Scroll-to-edit behaviors that jump to the changed section and highlight new text.
Simple, incremental version history. Each successful patch bundle creates a new revision entry. The composite primary key uses id + createdAt so a single document can have many versions without a costly copy-on-write strategy.

Testing and determinism

Streaming behavior is inherently non-deterministic, so we build deterministic tests by mocking the patch model. The mock provider emits pre-canned partial object streams that simulate token-by-token output. This lets end-to-end tests verify path stabilization, semantic ops, and UI application logic.

See the testing article for the details.

Links and references

Parent project overview: Resume Chatbot Overview
Testing deep dive: Deterministic Testing for AI Streaming

External references

Vercel AI SDK streamObject: https://ai.sdk.dev/docs/reference/ai-sdk-core/stream-object
fast-json-patch: https://github.com/Starcounter-Jack/JSON-Patch
RFC 6902: JSON Patch: https://datatracker.ietf.org/doc/html/rfc6902
JSON Resume Schema: https://jsonresume.org/schema
Zod: https://zod.dev

Appendix: smaller code snippets

Zod schema for a patch bundle

export const patchOpSchema = z.object({
  op: z.string(),
  path: z.string(),
  value: z.any().optional()
});

export const patchBundleSchema = z.object({
  patches: z.array(patchOpSchema),
  meta: z.object({ source: z.string() }).optional()
});

Applying a patch safely on the server

import { applyPatch } from 'fast-json-patch';

function applyBundleSafely(currentContent, bundle) {
  try {
    for (const op of bundle.patches) {
      // fast-json-patch mutates the document and returns a result
      applyPatch(currentContent, [op], /*validate*/ true, /*mutateDocument*/ true);
    }
    return currentContent;
  } catch (err) {
    logger.error('Patch application failed', { err, bundle });
    throw err;
  }
}

Operational notes

Keep the patch model’s temperature low. Higher randomness yields more path fragmentation and spurious ops.
Validate incoming bundles with Zod before attempting to apply them.
Record transient writes separately from durable writes so the client can receive progress without creating intermediate revisions.

Security and malicious input

Patch operations operate on paths we control.
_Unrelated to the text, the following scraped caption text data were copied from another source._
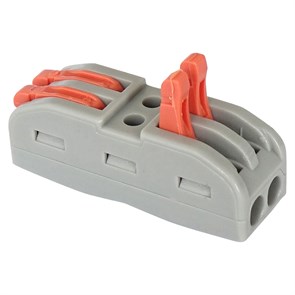 Клемма на 2х2 провод. серая GTER5-02 (50) GENERAL... 800484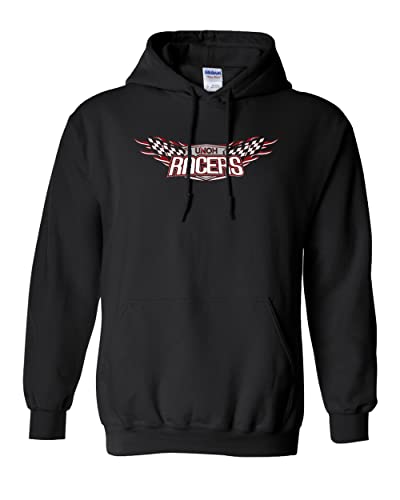 Northwestern Ohio UNOH Racers Full Logo Hooded Sweatshirt - Black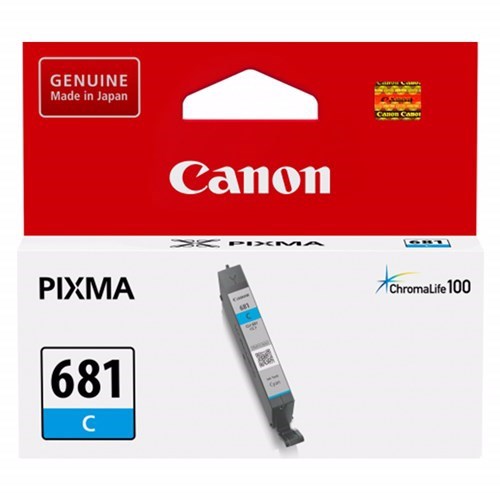 Canon CLI-681C Original Standard Yield Inkjet Ink Cartridge - Cyan - 1 Pack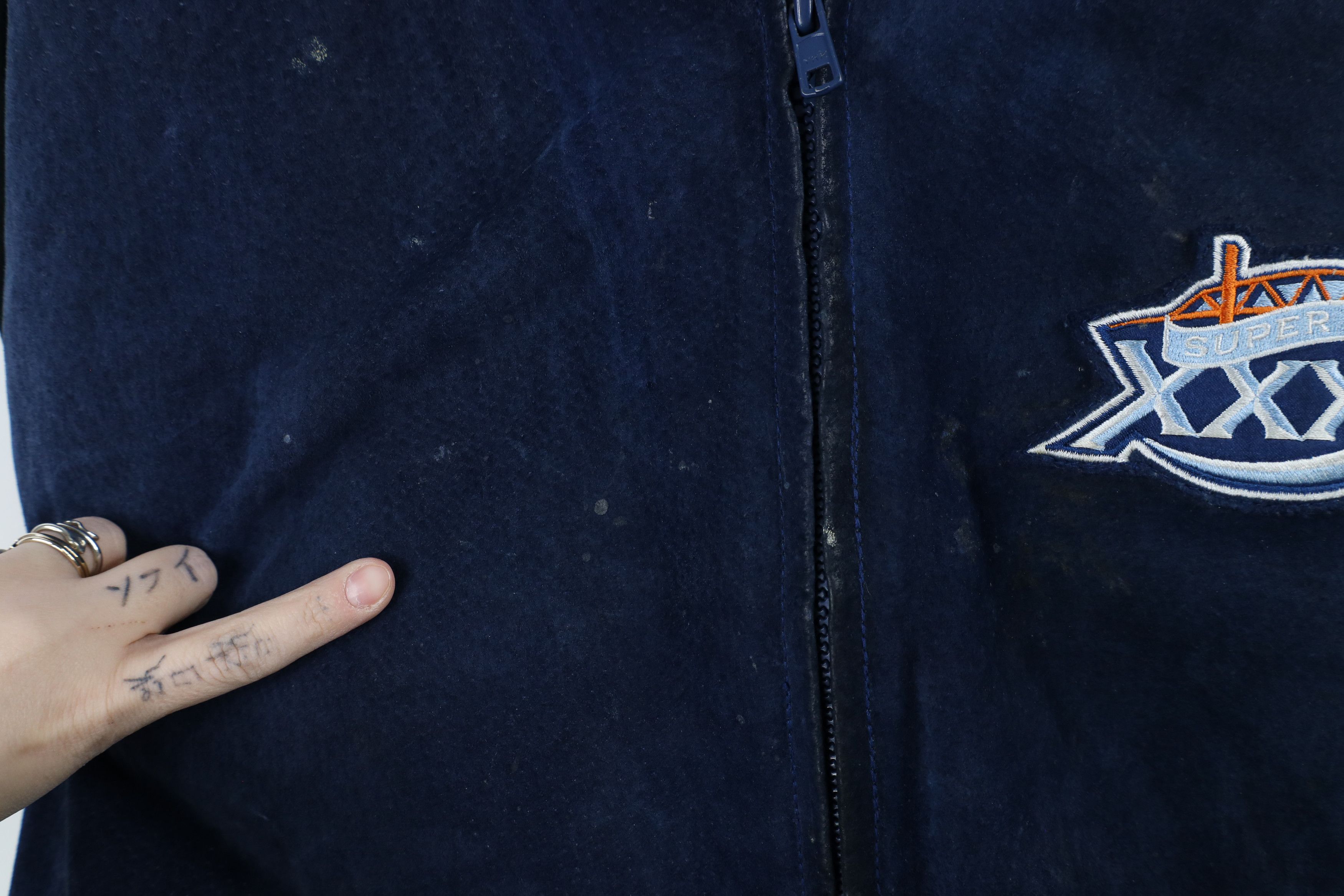 Vintage Vintage Y2K 2005 Super Bowl Suede Leather Bomber Jacket Size US XXL / EU 58 / 5 - 6 Thumbnail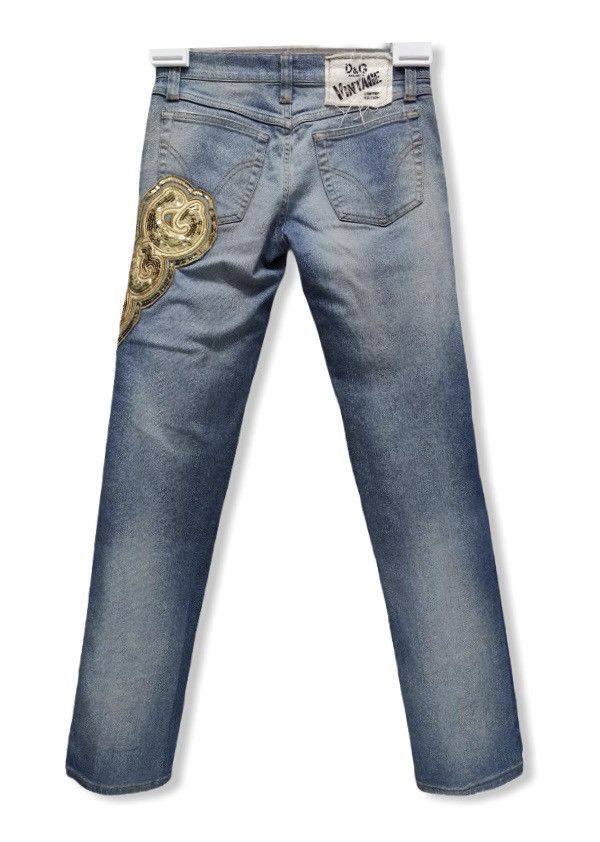 Dolce & Gabbana × Vintage Vintage D&G Sequin Limited Edition Japan Denim Pants Size US 26 / EU 42 - 5 Thumbnail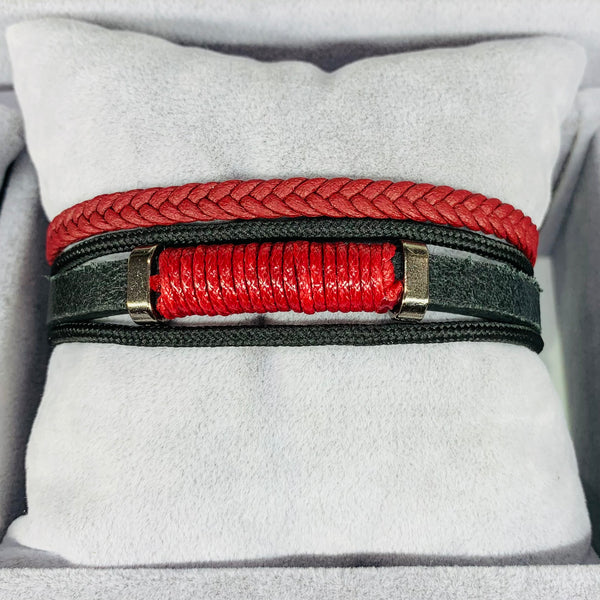 Cool Multiple Leather Men Bracelet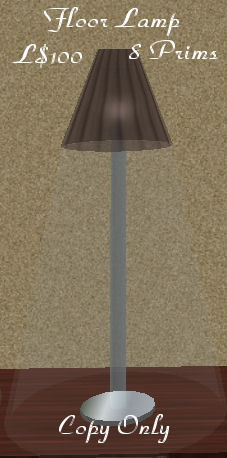 [FSD] Chocolate Floor Lamp With Shade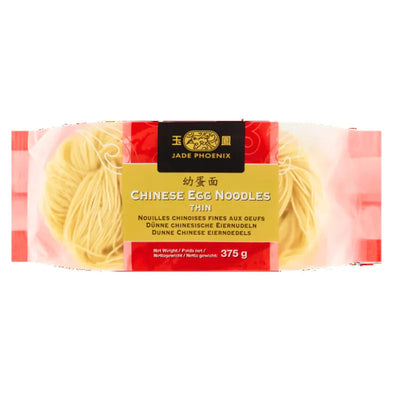 Jade Phoenix Chinese Egg Noodles (Thin) - 375g-Global Food Hub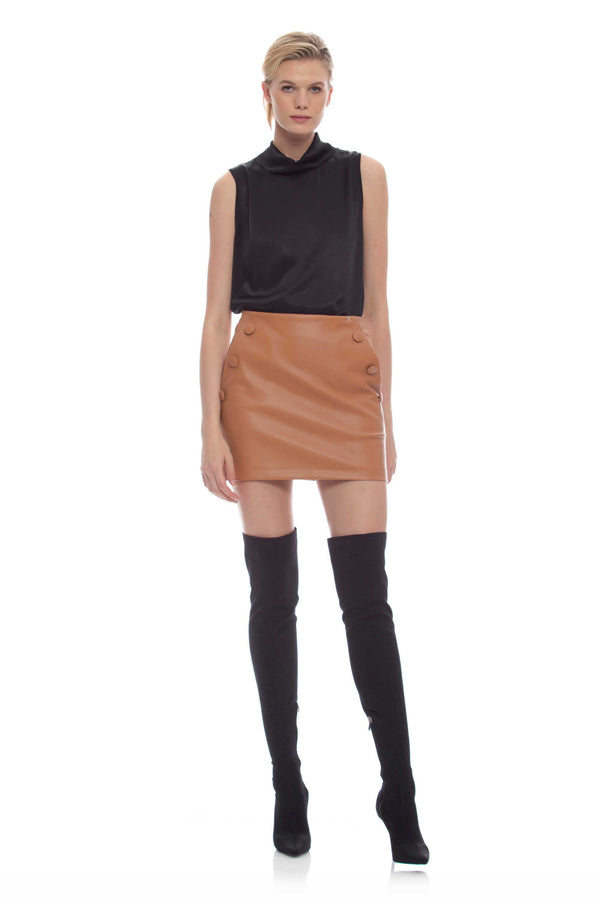 Short pencil skirt with decorative buttons - Skirt LAIRUREN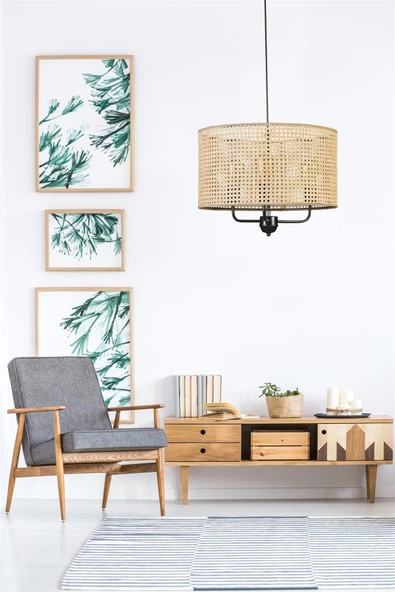 Lumexx BERMUDA 3 LÜ RATTAN AVİZE ürün görseli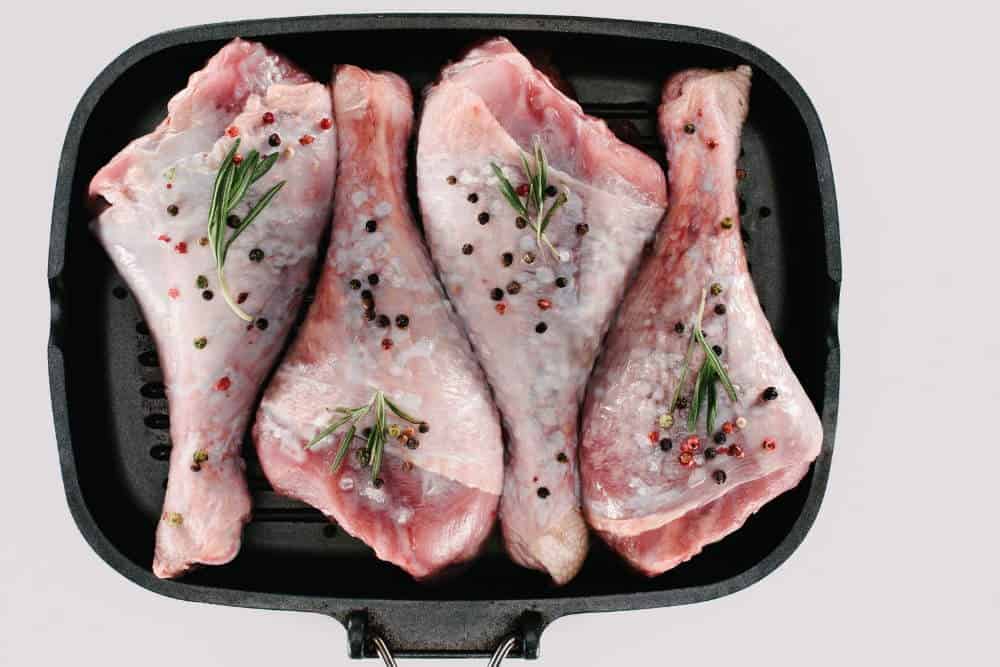 chicken on Flat Griddle Pan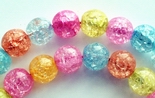 Crackle Crystal Rainbow Beads - 6mm or 8mm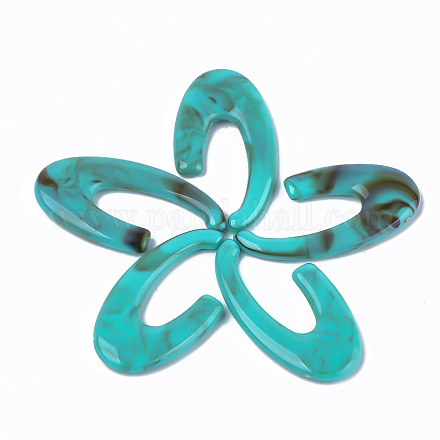 Акриловые бусины OACR-T008-04E-1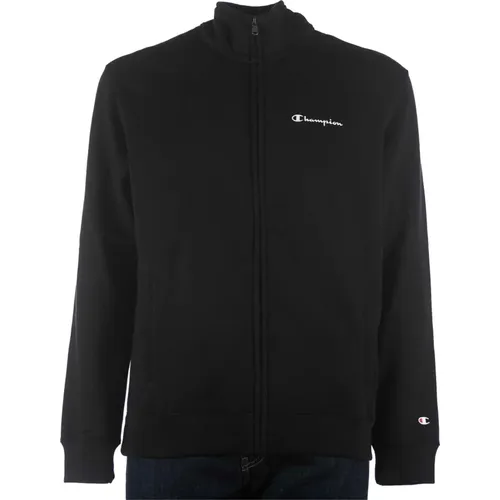 Schwarzes -Sweatshirt Mit Full Zip - Champion - Modalova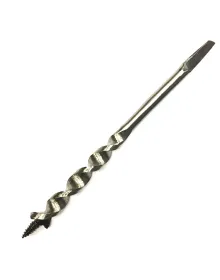 Fenerli Ahşap Burgu El / Matkap Ucu - Dört Köşe 18 mm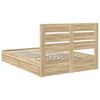 vidaXL Opslag bed met lade Sonoma Eiken 140 x 190 cm Bewerkt hout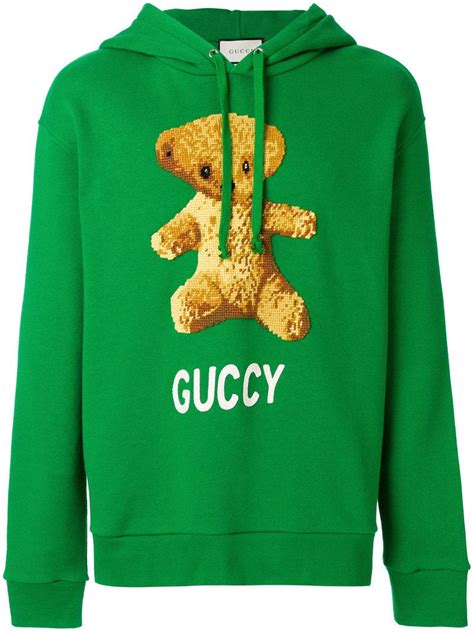 guccy bear hoodie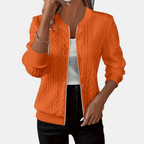 Women cable knit cardigan slim fit in multiple colours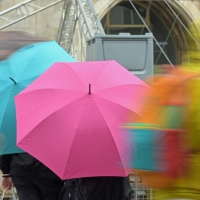 So könnte es auch am Samstag in München aussehen. Es wird regnerisch. (Archivbild) (Foto: Malin Wunderlich/dpa)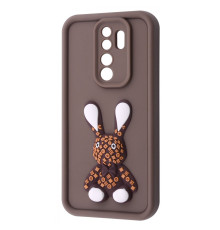 Чохол Pretty Things Case Xiaomi Redmi Note 8 Pro brown/rabbit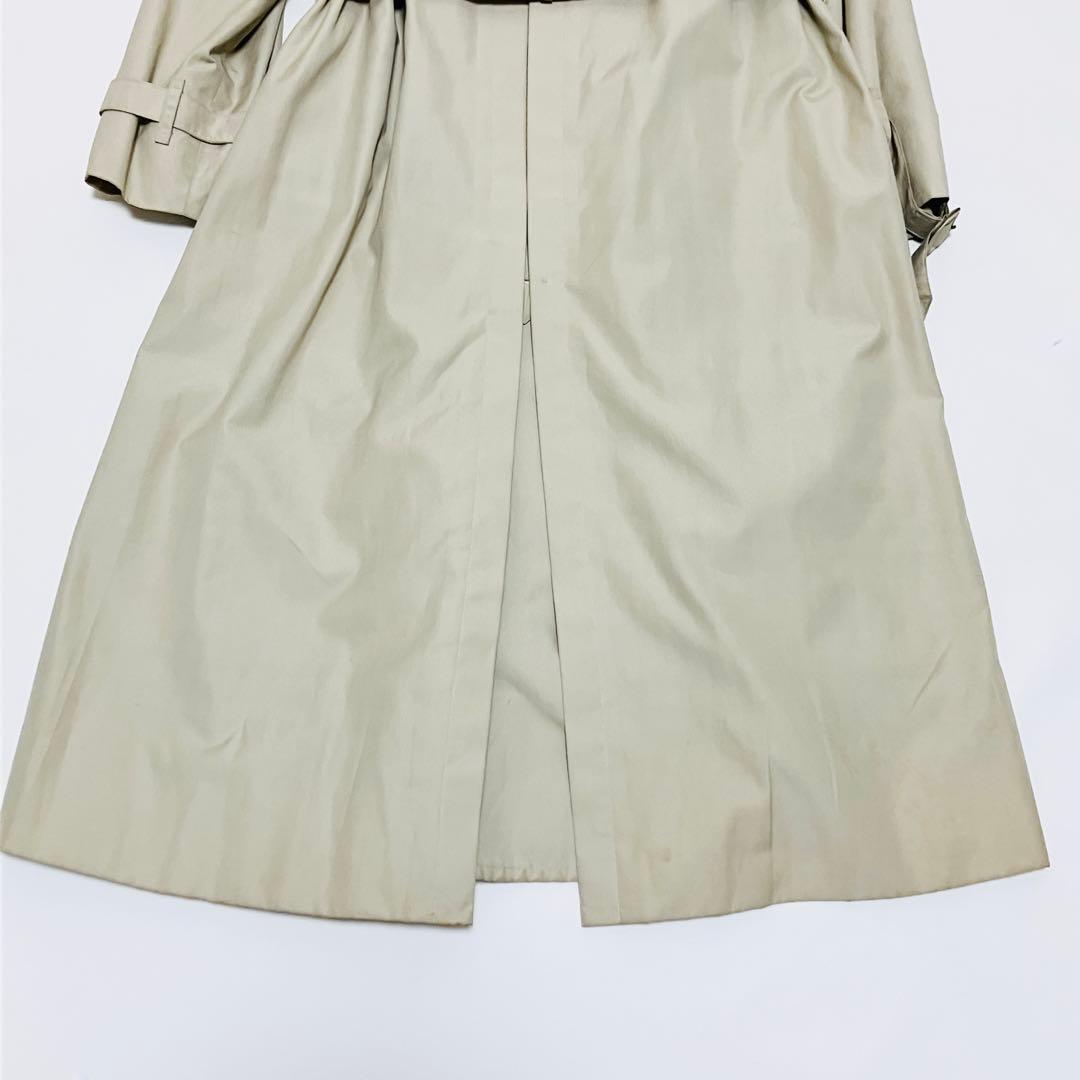 バーバリーズ ベルト付 トレンチ ノバチェック ベージュ ステンカラーコート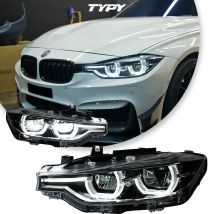 TYPY Światła Samochodowe Do BMW Serii 3 F30 Reflektor 2012-2019 LED Projektorowa Lampa Przednia Światła Do Jazdy Dziennej Akcesoria Samochodowe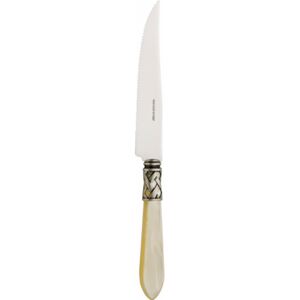 ALADDIN OLD SILVER-PLATED RING 6 STEAK KNIVES - Ivory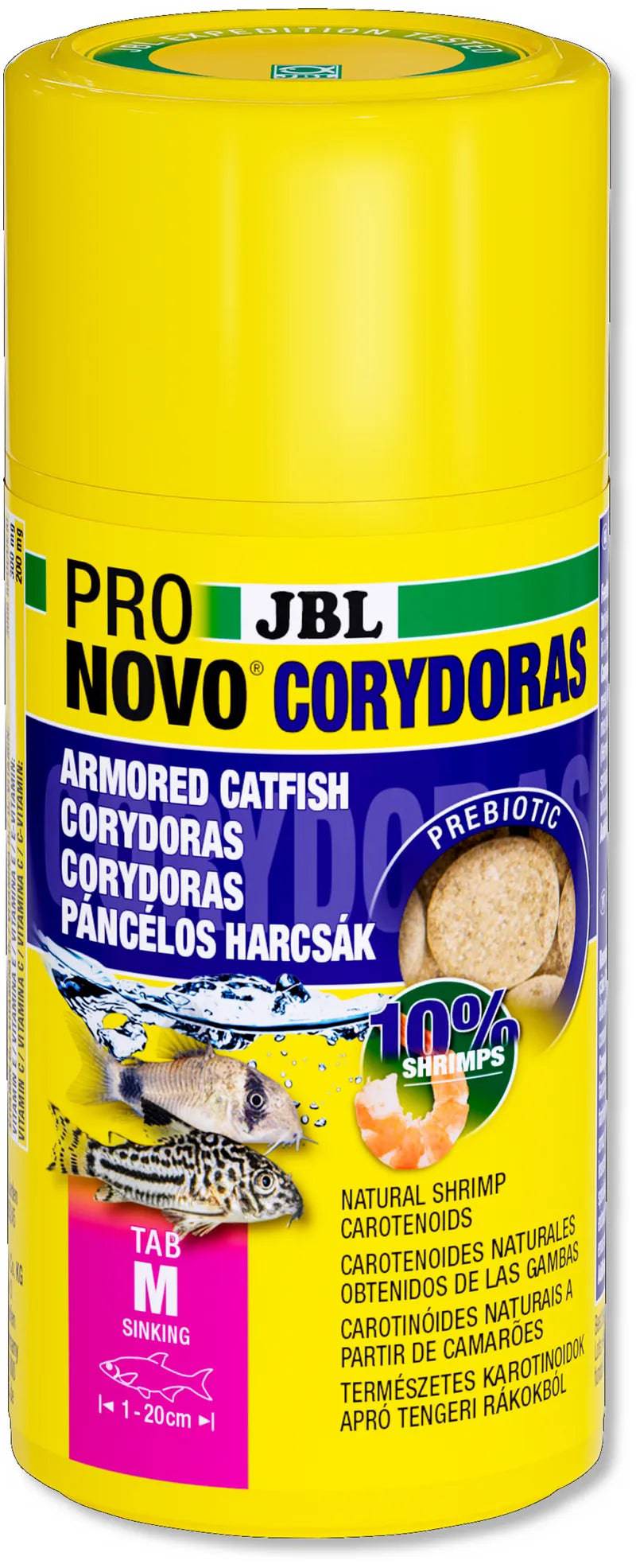 JBL Pronovo Corydoras Tab M 100ml - Mill Race Garden Centre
Even if an attacker manages to influence the patch model, the server rejects operations that target protected paths like /metadata or /access.

Implementation enforcements

Patch tool filters incoming ops against an allowlist of mutable paths.
Zod schemas define which fields are editable and the allowed primitive types.
Server-side logging captures the model prompt and the emitted bundle for postmortem inspection.

Limitations and tradeoffs

Partial streaming requires stabilization heuristics. That adds complexity and introduces short, tentative states on the client.
Semantic ops simplify rich text edits, but they are still higher level than a true rich-text diff format like OT or CRDTs. This design favors simplicity and auditability over complex concurrent editing.

Closing notes

The streaming JSON patching approach gives us fine-grained, auditable, and efficient updates for structured documents. It moves intent handling into the conversation layer and makes the patch tool the single source of truth for document modifications.